What to work on: A word-for-word restatement of the full listing is required.

Data for analysis:
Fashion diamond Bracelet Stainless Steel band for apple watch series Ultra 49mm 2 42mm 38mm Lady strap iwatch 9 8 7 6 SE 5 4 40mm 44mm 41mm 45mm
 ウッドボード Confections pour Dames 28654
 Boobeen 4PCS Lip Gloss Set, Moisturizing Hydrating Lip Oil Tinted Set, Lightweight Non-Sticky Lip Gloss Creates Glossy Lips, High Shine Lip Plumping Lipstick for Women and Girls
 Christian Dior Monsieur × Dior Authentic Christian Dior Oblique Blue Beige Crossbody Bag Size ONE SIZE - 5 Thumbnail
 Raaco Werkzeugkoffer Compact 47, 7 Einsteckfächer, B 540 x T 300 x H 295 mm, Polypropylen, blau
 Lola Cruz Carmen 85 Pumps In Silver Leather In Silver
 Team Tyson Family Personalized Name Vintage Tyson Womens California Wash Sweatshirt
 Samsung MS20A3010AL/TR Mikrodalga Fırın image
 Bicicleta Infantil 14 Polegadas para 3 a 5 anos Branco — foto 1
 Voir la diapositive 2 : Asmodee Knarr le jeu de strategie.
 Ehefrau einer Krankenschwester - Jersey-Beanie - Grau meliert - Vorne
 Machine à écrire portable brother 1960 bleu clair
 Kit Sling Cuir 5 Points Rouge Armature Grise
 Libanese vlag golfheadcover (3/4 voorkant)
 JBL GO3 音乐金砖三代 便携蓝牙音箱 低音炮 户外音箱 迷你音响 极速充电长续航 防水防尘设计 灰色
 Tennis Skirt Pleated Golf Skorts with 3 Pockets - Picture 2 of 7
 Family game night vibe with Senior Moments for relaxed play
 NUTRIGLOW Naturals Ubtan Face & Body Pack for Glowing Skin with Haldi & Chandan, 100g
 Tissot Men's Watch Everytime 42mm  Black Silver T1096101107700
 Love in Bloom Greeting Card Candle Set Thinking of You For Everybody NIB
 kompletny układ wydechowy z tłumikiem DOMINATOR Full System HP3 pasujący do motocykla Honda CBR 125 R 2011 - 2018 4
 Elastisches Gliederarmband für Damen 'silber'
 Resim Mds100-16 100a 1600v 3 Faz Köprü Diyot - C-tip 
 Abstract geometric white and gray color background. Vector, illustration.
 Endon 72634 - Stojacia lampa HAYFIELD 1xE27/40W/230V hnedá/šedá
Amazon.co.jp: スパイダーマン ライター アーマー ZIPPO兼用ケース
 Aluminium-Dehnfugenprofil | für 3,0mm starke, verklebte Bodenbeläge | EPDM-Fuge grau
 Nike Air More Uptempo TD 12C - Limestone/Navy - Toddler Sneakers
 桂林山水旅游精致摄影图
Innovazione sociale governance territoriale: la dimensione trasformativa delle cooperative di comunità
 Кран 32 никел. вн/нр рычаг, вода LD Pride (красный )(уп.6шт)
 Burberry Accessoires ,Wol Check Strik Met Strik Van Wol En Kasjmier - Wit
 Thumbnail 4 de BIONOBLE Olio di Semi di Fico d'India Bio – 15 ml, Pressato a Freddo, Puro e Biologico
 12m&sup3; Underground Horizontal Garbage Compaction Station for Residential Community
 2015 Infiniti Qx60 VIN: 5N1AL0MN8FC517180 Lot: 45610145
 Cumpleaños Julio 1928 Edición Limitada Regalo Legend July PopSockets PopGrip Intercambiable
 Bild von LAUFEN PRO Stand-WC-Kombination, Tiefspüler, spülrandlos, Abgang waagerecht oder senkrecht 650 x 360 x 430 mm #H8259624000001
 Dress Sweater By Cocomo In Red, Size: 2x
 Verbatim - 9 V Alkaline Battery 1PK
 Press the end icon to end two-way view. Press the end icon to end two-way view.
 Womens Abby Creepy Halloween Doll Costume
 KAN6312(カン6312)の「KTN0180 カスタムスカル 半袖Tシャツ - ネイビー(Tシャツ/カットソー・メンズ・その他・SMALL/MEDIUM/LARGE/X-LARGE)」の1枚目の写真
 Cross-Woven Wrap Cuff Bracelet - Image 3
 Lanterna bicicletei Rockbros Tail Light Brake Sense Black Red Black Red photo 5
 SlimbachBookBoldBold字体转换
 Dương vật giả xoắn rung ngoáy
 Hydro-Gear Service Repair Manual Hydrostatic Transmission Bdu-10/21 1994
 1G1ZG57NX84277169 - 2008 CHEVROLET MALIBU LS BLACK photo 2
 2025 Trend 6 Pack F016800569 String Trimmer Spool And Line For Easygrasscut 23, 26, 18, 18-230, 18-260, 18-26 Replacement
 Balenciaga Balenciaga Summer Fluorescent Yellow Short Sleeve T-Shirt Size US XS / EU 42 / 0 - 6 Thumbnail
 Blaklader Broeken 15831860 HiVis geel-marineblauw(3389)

Reply to the task:
Fashion diamond Bracelet Stainless Steel band for apple watch series Ultra 49mm 2 42mm 38mm Lady strap iwatch 9 8 7 6 SE 5 4 40mm 44mm 41mm 45mm
 ウッドボード Confections pour Dames 28654
 Boobeen 4PCS Lip Gloss Set, Moisturizing Hydrating Lip Oil Tinted Set, Lightweight Non-Sticky Lip Gloss Creates Glossy Lips, High Shine Lip Plumping Lipstick for Women and Girls
 Christian Dior Monsieur × Dior Authentic Christian Dior Oblique Blue Beige Crossbody Bag Size ONE SIZE - 5 Thumbnail
 Raaco Werkzeugkoffer Compact 47, 7 Einsteckfächer, B 540 x T 300 x H 295 mm, Polypropylen, blau
 Lola Cruz Carmen 85 Pumps In Silver Leather In Silver
 Team Tyson Family Personalized Name Vintage Tyson Womens California Wash Sweatshirt
 Samsung MS20A3010AL/TR Mikrodalga Fırın image
 Bicicleta Infantil 14 Polegadas para 3 a 5 anos Branco — foto 1
 Voir la diapositive 2 : Asmodee Knarr le jeu de strategie.
 Ehefrau einer Krankenschwester - Jersey-Beanie - Grau meliert - Vorne
 Machine à écrire portable brother 1960 bleu clair
 Kit Sling Cuir 5 Points Rouge Armature Grise
 Libanese vlag golfheadcover (3/4 voorkant)
 JBL GO3 音乐金砖三代 便携蓝牙音箱 低音炮 户外音箱 迷你音响 极速充电长续航 防水防尘设计 灰色
 Tennis Skirt Pleated Golf Skorts with 3 Pockets - Picture 2 of 7
 Family game night vibe with Senior Moments for relaxed play
 NUTRIGLOW Naturals Ubtan Face & Body Pack for Glowing Skin with Haldi & Chandan, 100g
 Tissot Men's Watch Everytime 42mm  Black Silver T1096101107700
 Love in Bloom Greeting Card Candle Set Thinking of You For Everybody NIB
 kompletny układ wydechowy z tłumikiem DOMINATOR Full System HP3 pasujący do motocykla Honda CBR 125 R 2011 - 2018 4
 Elastisches Gliederarmband für Damen 'silber'
 Resim Mds100-16 100a 1600v 3 Faz Köprü Diyot - C-tip 
 Abstract geometric white and gray color background. Vector, illustration.
 Endon 72634 - Stojacia lampa HAYFIELD 1xE27/40W/230V hnedá/šedá
Amazon.co.jp: スパイダーマン ライター アーマー ZIPPO兼用ケース
 Aluminium-Dehnfugenprofil | für 3,0mm starke, verklebte Bodenbeläge | EPDM-Fuge grau
 Nike Air More Uptempo TD 12C - Limestone/Navy - Toddler Sneakers
 桂林山水旅游精致摄影图
Innovazione sociale governance territoriale: la dimensione trasformativa delle cooperative di comunità
 Кран 32 никел. вн/нр рычаг, вода LD Pride (красный )(уп.6шт)
 Burberry Accessoires ,Wol Check Strik Met Strik Van Wol En Kasjmier - Wit
 Thumbnail 4 de BIONOBLE Olio di Semi di Fico d'India Bio – 15 ml, Pressato a Freddo, Puro e Biologico
 12m&sup3; Underground Horizontal Garbage Compaction Station for Residential Community
 2015 Infiniti Qx60 VIN: 5N1AL0MN8FC517180 Lot: 45610145
 Cumpleaños Julio 1928 Edición Limitada Regalo Legend July PopSockets PopGrip Intercambiable
 Bild von LAUFEN PRO Stand-WC-Kombination, Tiefspüler, spülrandlos, Abgang waagerecht oder senkrecht 650 x 360 x 430 mm #H8259624000001
 Dress Sweater By Cocomo In Red, Size: 2x
 Verbatim - 9 V Alkaline Battery 1PK
 Press the end icon to end two-way view. Press the end icon to end two-way view.
 Womens Abby Creepy Halloween Doll Costume
 KAN6312(カン6312)の「KTN0180 カスタムスカル 半袖Tシャツ - ネイビー(Tシャツ/カットソー・メンズ・その他・SMALL/MEDIUM/LARGE/X-LARGE)」の1枚目の写真
 Cross-Woven Wrap Cuff Bracelet - Image 3
 Lanterna bicicletei Rockbros Tail Light Brake Sense Black Red Black Red photo 5
 SlimbachBookBoldBold字体转换
 Dương vật giả xoắn rung ngoáy
 Hydro-Gear Service Repair Manual Hydrostatic Transmission Bdu-10/21 1994
 1G1ZG57NX84277169 - 2008 CHEVROLET MALIBU LS BLACK photo 2
 2025 Trend 6 Pack F016800569 String Trimmer Spool And Line For Easygrasscut 23, 26, 18, 18-230, 18-260, 18-26 Replacement
 Balenciaga Balenciaga Summer Fluorescent Yellow Short Sleeve T-Shirt Size US XS / EU 42 / 0 - 6 Thumbnail
 Blaklader Broeken 15831860 HiVis geel-marineblauw(3389)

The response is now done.